Pauly, D., Palomares, M.L.D. 2005. Fishing down marine food webs: it is far more pervasive than we thought. Bulletin of Marine Science 76(2):197-211.
Daniel Pauly – Principal Investigator
Born in France and raised in Switzerland, Daniel Pauly studied in Germany, where he acquired a doctorate in fisheries biology in 1979, from the University of Kiel. He did his first intercontinental travel in 1971 (from Germany to Ghana for field work related to his Masters) and has since experienced a multitude of countries, cultures, and modes of exploiting aquatic ecosystems in Africa, Asia, Oceania and the Americas. This perspective allowed him to develop tools for managing data-sparse fisheries, as prevailed for example in the Philippines, where Dr. Pauly worked through the 1980s and early 1990s.
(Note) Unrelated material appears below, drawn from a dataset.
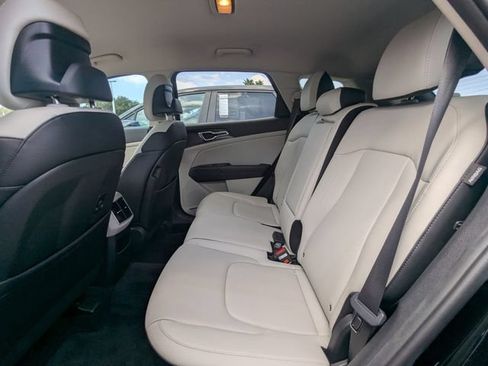 Certified 2025 Kia Sportage EX FWD image 15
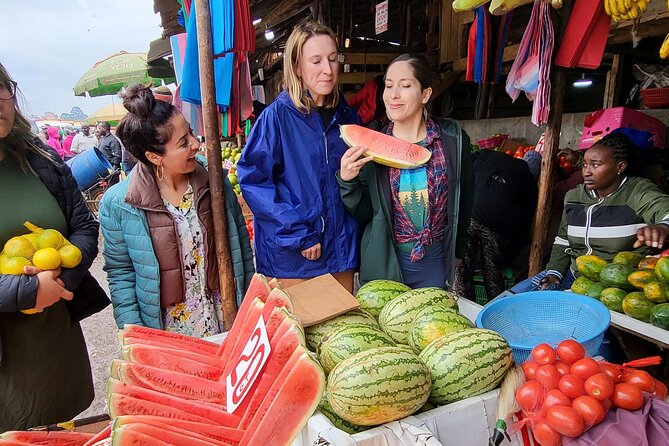 Traditional Kenyan Cooking Class & Local Market Tour - Local Farmers Market Tour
In 1994, Dr. Pauly became a Professor at the University of British Columbia Fisheries Centre, and was its Director from 2003 to 2008. In 1999, Daniel Pauly founded, and since leads, a large research project devoted to identifying and quantifying global fisheries trends, funded by the Pew Charitable Trusts and called The Sea Around Us after Rachel Carson’s 1951 bestselling book. Daniel Pauly is also co-founder of FishBase.org, the online encyclopedia of more than 30,000 fish species, and he has helped develop the widely-used Ecopath modeling software. He is the author or co-author of more than 500 scientific and other articles, books and book chapters on fish, fisheries and related topics. Two of news books, reflecting his current interests were published in 2010: “Five Easy Pieces: Reporting on the Global Impact of Fisheries” and “Gasping Fish and Panting Squids: Oxygen, Temperature and the Growth of Water-Breathing Animals”. For more about Daniel Pauly’s work click here; and for a full list of his publications, click here.
Dirk Zeller – Senior Scientist and Executive Director
B.Sc. Hons. (James Cook University)
Ph.D. (James Cook University)
Dr Dirk Zeller is the Senior Scientist and Executive Director of the Sea Around Us (www.seaaroundus.org). He directs research activities and co-directs strategic research and funding decisions with the Project Principle Investigator, Prof. Daniel Pauly. Dirk leads research on global catch reconstructions and Illegal, Unreported and Unregulated fishing, and engages in research on coral reef fisheries , ocean governance and fisheries policy. He collaborates closely with the Fisheries Economics Research Unit on issues in resource economics, with the Changing Ocean Research Unit on issues of climate change and fisheries, and with the UBC Faculty of Law on issues related to international maritime boundary law and the UN Law of the Sea Convention.
Dirk has over 250 scientific contributions, and published both in the primary literature (Nature, Science, PLoS ONE, Marine Policy, Marine Ecology Progress Series, Environmental Health Perspectives etc.) and in dedicated book chapters and research reports. Dirk was co-awarded the 2012 UBC Innovative Dissemination of Research Award and the 2011 Ecological Society of
America Sustainability Science Award. He collaborates with scientists in Australia, Asia, Europe, the Americas, the Caribbean and Pacific. He represents the Sea Around Us at conferences and workshops throughout the world.
Dirk has a background in tropical marine biology and fisheries ecology from James Cook University, Australia, and has professional interests in sustainability, strategic and global policy developments and resource economics, as well as marine reserves and coral reef ecology.